# Bacon - It's Epic



## alelover (Jul 11, 2011)




----------



## tjohnson (Jul 11, 2011)

Almost as pretty as a Sunset!

Todd


----------



## adiochiro3 (Jul 11, 2011)

What gorgeous color!  Details, Man!!!!


----------



## fpnmf (Jul 11, 2011)

Looks fabulous!!

  Craig


----------



## Bearcarver (Jul 11, 2011)

Looks Great Scott !!!

Nice Job!!!

A little short on drool pictures though!!!!!  
	

	
	
		
		



		
		
	


	





Bear


----------



## venture (Jul 11, 2011)

Scott, it looks like you hit that one right on!

Good luck and good smoking.


----------



## alelover (Jul 19, 2011)

That wasn't my bacon. It's a motivational poster I stumbled across. But it does inspire me to start working on that old fridge of mine.


----------



## SmokinAl (Jul 19, 2011)

That slab of bacon is just about as perfect as it gets.

Wish it was in my slicer!


----------



## alaskanbear (Jul 19, 2011)

More beautiful than a nakie gi.. well maybe not but georgous to say the least!!

Rich


----------



## meateater (Jul 19, 2011)




----------



## raptor700 (Jul 28, 2011)

I wish I could get bellies that thick here!


----------



## laszlo (Jul 28, 2011)

OMG!!!! Wet dream bacon here.







I'm going to make it my screensaver.


----------



## roller (Jul 28, 2011)

Wish I could get Bellies....It looks great !


----------



## meateater (Jul 28, 2011)

raptor700 said:


> I wish I could get bellies that thick here!







Roller said:


> Wish I could get Bellies....It looks great !
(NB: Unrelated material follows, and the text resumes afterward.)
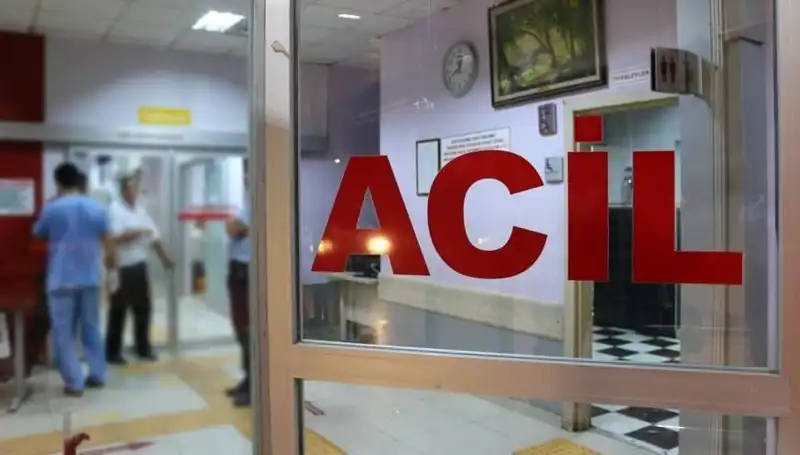 Burdur’da Bıçaklı Kavga: Bir Genç Hayat Mücadelesi Veriyor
Maybe we should have a belly locator on here by zip code so everyone can enjoy. That would make a great sticky.


----------



## daveomak (Jul 29, 2011)

meateater said:


> _Maybe we should have a belly locator _on here by zip code so everyone can enjoy. That would make a great sticky.


I was just looking down at the keyboard and.........WOW.....*LQQK* at the size of that belly.....I located it.......

Dave......


----------



## boykjo (Jul 29, 2011)

raptor700 said:


> I wish I could get bellies that thick here!


My belly is that thick but it don't look anywhere as beautiful as that................


----------